FASTA Header Changes not shown in BLAST database

Hello everyone,

I used the “Text Transformation” tool in Galaxy to use the sed function to change the FASTA headers for my sequence files. When I convert these sequence files into a BLASTn database through the “makeblastdb” tool, the headers revert back to the original headers that were in the FASTQ files, not the new headers I made after converting FASTQ to FASTA and then changing the headers.

As anyone had this problem before?

Sincerely,
Rupinder

1 Like

Hi @R_J

This may sound simple – but try double-checking which dataset you are inputting to the makeblastdb tool.

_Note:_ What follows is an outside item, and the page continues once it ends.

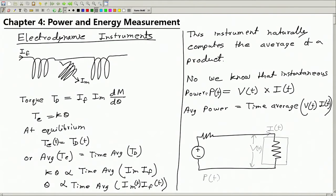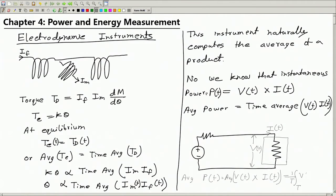We have to take the product of V(t) and I(t) and then average it. Time average means integrated over a complete period and divided by the time period: (1/T)∫V(t)·I(t)dt. In general, therefore, we need an instrument which can take two values as input, find their product, compute its average, and give the result — and that instrument is called a wattmeter.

After going through my steps once again, I am sure I am making the BLAST database through the “makeblastdb” tool and I am using the FASTA files that have had their headers changed through the “text transformation” tool which uses sed.

When I open the tabular file of the BLAST result, the subject accession has definitely reverted back to its original header.

1 Like

Hi @R_J

Few questions:

  1. Did you run makeblastdb on the original fasta first?
  2. Does that original output still exist in your account (in any history) or have you purged the resulting dataset (and all copies)?
  3. If you ran makeblastdb twice (original + post sed) – did you name the database both times (on the tool form with the same name) or did you use the default naming both times?
  4. What happens if you rerun makeblastdb on the correct fasta, and give it a distinct name?

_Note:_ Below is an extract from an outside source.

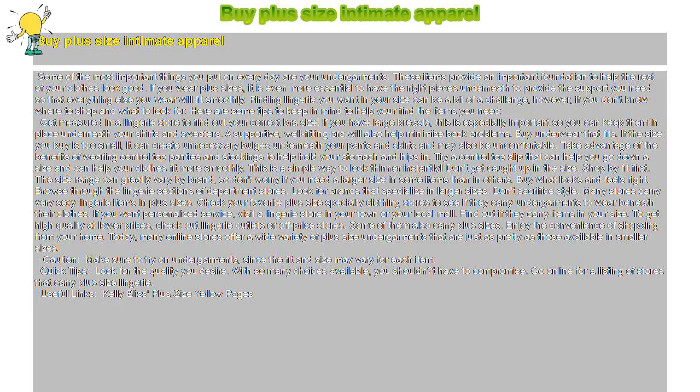Buy plus-size intimate apparel. Some of the most important things you put on every day are your undergarments. These items provide an important foundation to help the rest of your clothes look good.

I’m wondering if there is a corner case bug where the original index is persistently attached to your account. If the new index is created and has the same “name”, it may not be cleared or there is a naming conflict (both are technical problems).

Purging the original index (the dataset that represents it in your history) might resolve that kind of problem quickly for you now, then on our side, we can take a look at how those are stored server-side by the indexing tool and make changes as needed. Ideally, each time an index is created it would have a distinct internal name, even if not specified on the tool form. That may not be happening.

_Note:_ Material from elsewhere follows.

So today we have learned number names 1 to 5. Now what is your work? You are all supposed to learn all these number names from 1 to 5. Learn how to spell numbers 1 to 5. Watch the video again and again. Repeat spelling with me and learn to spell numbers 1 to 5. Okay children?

I’ll also run a quick test today – but want to give you something to try for now.

  1. Test if purging the original output resolves the problem. Just run a few queries through so it runs quickly. If the target (subject) IDs are correct, then you can run the entire query.
  2. If that doesn’t work, try recreating the index and give it a specific name (not using the default) then test run as above (just a few queries).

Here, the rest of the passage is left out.